→ Assignment: Return all the entries exactly, keeping pictures out.
** The input follows **
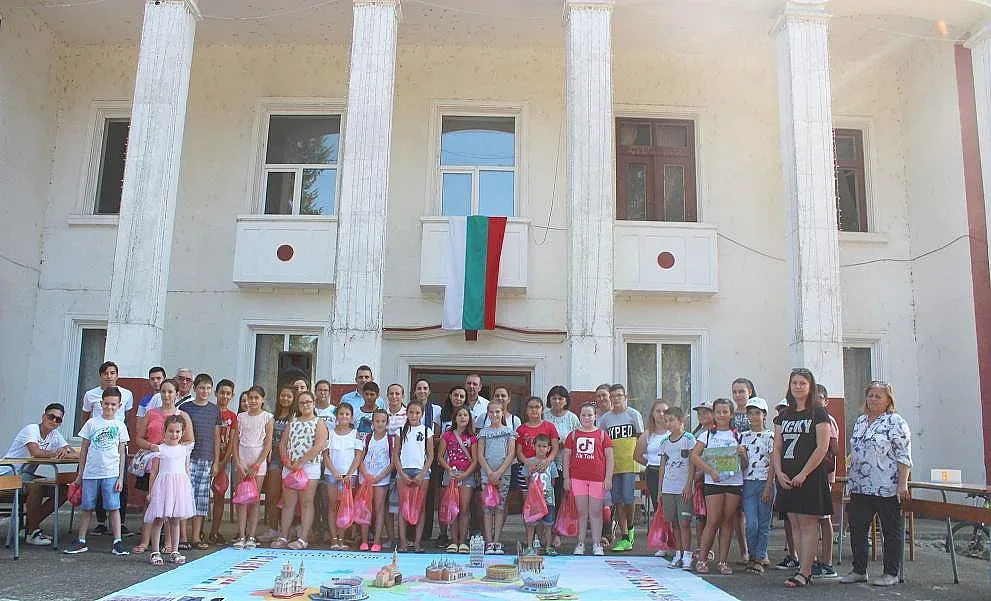 Деца строиха Завет в 3D макети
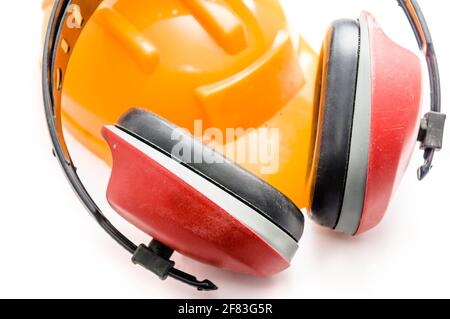 Ein Nahaufnahme eines Ohrmuffs, um die Ohren der Arbeiter zu schützen Stockfoto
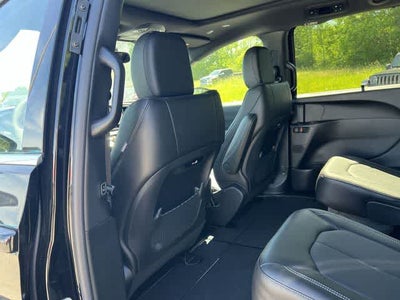 2027 Chrysler Pacifica PACIFICA SELECT AWD
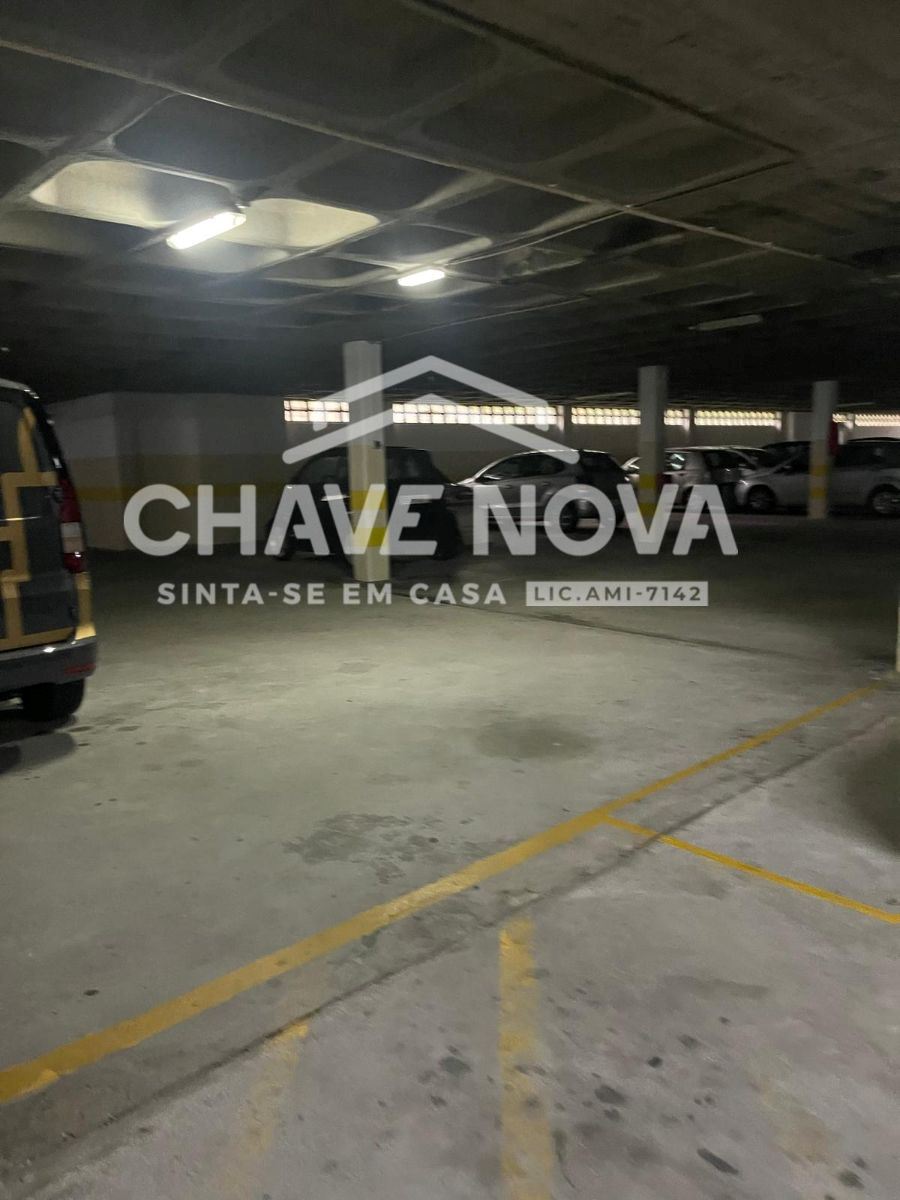 Apartamento T4 para Venda em Ramalde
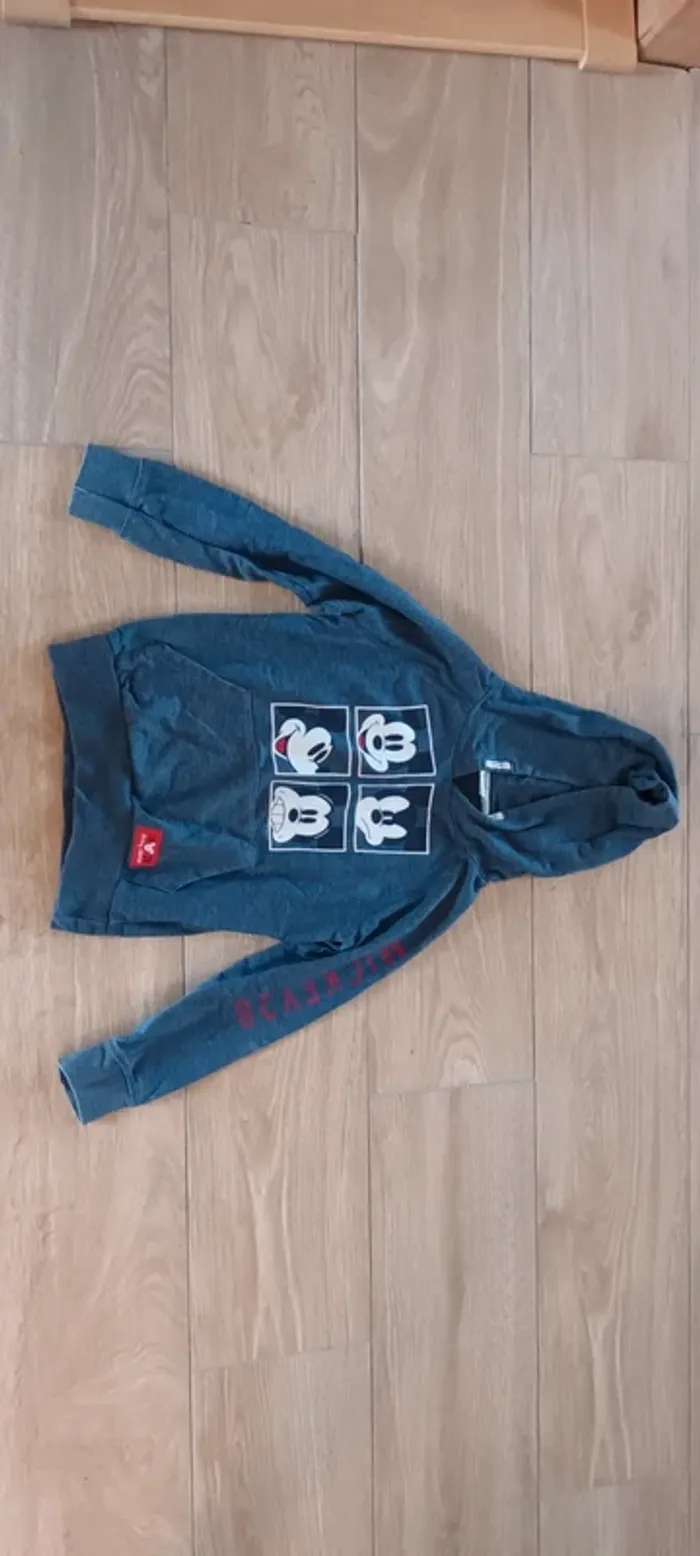 Sweat à capuche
** End of The input **
→ Solved problem:
 Деца строиха Завет в 3D макети
 Ein Nahaufnahme eines Ohrmuffs, um die Ohren der Arbeiter zu schützen Stockfoto
 2027 Chrysler Pacifica PACIFICA SELECT AWD
 Apartamento T4 para Venda em Ramalde
 Sweat à capuche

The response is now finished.